The defendant, James Harris Wharton, was charged by bill of information with one count of purse snatching, a violation of LSA-R.S. 14:65.1, and pled not guilty. Following a jury trial, he was found guilty as charged. Thereafter, the State filed a habitual offender bill of information against the defendant, alleging that he was a third-felony habitual offender.[1] Following a hearing, he was adjudged a thirdfelony habitual offender, under LSA-R.S. 15:529.l(A)(l)(b)(ii), and was sentenced to imprisonment for the remainder of his natural life without benefit of parole, probation, or suspension of sentence. He now appeals, claiming that the trial court imposed an unconstitutionally excessive sentence and that defense counsel was ineffective for failing to file a motion to reconsider sentence. We affirm the conviction, the habitual offender adjudication, and the sentence.
FACTS
The victim, Joseph John Bruder, was sixty-three years old at the time he testified.[2] On June 27, 2005, he was in Baton Rouge in connection with his job with American Bowling Congress. At approximately 5:30 p.m., while Mr. Bruder was carrying some groceries to his apartment in Spanish Town, the defendant took Mr. Bruder's wallet from his back pocket. Mr. Bruder told the defendant to drop the wallet because there was no money in it and the defendant laughed at Mr. Bruder and ran away. Mr. Bruder and a motorist chased the defendant, but were unable to recover the wallet. The motorist used his cellular telephone to direct the police to the defendant's location. The wallet had contained a religious card that Mr. Bruder had carried with him since the seventh grade and which he believed saved his life when he served in the First Infantry in Vietnam. In addition to losing his wallet and religious card, he ripped his pants, lost a shoe, and felt as though he would have a heart attack as a result of the incident.

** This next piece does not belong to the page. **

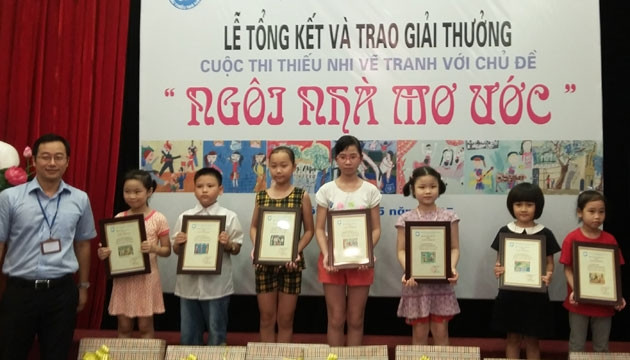 Ban tổ chức trao giải A cho các tác phẩm xuất sắc nhất cuôc thi.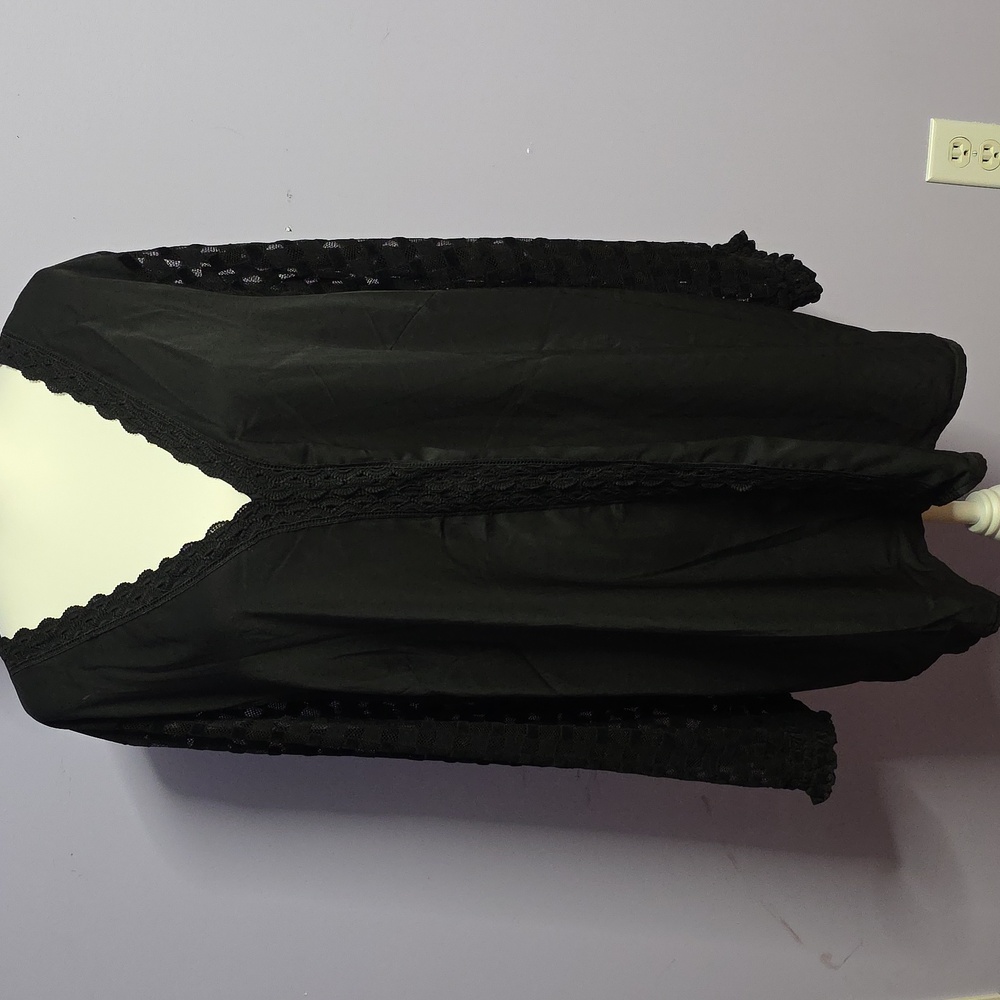BloomChic Black Blouse‎ with Shear Sleeves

EXCESSIVE SENTENCE AND INEFFECTIVE ASSISTANCE OF COUNSEL
In assignment of error number 1, the defendant argues that the sentence imposed upon him was unconstitutionally excessive because, before trial, the court and the State indicated that they believed that a ten-year sentence was appropriate for him. In assignment of error number 2, he argues that the failure of trial counsel to file a motion to reconsider sentence should not preclude this court from considering the constitutionality of the sentence; and, in the event that it does, the failure of trial counsel constitutes ineffective assistance of counsel.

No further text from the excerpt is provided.